C. Wonder Closes Doors: Missteps Along the Way

C. Wonder Shutters Doors
C. Wonder smoking slippers
Courtesy of company

C. Wonder is closing its doors forever.

The colorful retail chain, founded in 2011 by Chris Burch as part of Burch Creative Capital, will close its 11 remaining stores due to financial troubles. (The first two flagships were opened in New York’s Soho and Midtown neighborhoods.)

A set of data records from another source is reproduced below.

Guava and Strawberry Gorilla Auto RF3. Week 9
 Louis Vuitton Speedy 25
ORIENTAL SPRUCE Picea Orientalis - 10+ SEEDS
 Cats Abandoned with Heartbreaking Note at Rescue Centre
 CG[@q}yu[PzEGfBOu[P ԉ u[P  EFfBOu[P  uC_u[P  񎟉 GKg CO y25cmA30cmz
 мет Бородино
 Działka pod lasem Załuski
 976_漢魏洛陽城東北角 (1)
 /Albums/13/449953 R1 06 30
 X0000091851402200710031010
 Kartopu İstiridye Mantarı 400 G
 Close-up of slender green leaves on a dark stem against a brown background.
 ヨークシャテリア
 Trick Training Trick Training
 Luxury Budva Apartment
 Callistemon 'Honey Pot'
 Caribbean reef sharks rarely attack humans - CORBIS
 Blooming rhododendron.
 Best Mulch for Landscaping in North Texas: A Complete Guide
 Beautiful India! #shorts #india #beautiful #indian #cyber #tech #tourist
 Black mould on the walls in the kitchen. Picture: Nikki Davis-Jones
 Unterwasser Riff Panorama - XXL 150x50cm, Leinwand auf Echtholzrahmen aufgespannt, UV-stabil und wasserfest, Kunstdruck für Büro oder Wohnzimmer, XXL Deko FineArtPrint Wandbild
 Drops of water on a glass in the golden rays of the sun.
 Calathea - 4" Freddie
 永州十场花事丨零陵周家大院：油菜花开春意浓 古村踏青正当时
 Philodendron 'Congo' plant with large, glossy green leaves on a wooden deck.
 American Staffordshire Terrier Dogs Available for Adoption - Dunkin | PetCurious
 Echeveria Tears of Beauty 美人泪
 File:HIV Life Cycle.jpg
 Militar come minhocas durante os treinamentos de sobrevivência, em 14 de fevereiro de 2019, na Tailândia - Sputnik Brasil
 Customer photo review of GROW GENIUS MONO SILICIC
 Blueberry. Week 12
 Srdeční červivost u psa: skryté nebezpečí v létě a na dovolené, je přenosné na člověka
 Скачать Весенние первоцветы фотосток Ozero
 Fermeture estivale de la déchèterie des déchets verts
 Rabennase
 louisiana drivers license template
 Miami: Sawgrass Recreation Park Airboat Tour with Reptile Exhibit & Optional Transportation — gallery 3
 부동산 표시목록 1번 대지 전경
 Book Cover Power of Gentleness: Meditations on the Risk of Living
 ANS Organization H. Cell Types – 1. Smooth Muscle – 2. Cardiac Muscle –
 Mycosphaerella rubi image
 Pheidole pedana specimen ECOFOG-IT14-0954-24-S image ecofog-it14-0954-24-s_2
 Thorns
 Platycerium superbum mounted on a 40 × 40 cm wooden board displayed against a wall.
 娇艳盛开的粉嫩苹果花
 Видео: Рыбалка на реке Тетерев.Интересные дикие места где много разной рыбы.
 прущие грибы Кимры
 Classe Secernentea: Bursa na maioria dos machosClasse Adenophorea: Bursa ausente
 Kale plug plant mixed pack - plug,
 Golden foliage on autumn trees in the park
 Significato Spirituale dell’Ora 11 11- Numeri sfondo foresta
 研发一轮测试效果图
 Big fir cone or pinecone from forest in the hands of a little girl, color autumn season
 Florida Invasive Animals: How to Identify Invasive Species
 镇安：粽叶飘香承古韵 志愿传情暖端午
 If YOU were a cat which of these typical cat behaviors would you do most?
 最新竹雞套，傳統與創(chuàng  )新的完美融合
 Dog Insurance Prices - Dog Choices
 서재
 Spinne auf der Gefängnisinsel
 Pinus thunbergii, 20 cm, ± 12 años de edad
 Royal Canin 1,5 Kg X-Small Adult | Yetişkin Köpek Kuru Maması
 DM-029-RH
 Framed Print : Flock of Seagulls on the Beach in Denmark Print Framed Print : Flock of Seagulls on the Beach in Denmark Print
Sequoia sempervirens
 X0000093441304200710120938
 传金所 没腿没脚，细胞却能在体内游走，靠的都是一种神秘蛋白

The news likely doesn’t come as a surprise to the industry. Since the beginning, the project has been met with both lawsuits and criticism. In November 2012, for example, Burch’s ex-wife and renowned designer Tory Burch filed a counterclaim to an earlier lawsuit originating from disputes over the stores’ design and product assortment. To some consumers, the vibe and logo were suspiciously similar to those of Tory Burch stores, but with lower prices.

Footwear was a big focus for the brand. Earlier this year, FN spoke with Megan O’Donnell, C. Wonder’s senior shoe designer. “When we opened the [first] store, we launched [the shoe category] with a driving moc, a couple of ballet flats and a few simple pumps. [Since then,] our assortment has almost quadrupled in size,” she said. “Considering where we were — how tiny the assortment was just three years ago compared with where we are now — we are beyond thrilled.”

But the strength of the shoes couldn’t save the day for C. Wonder.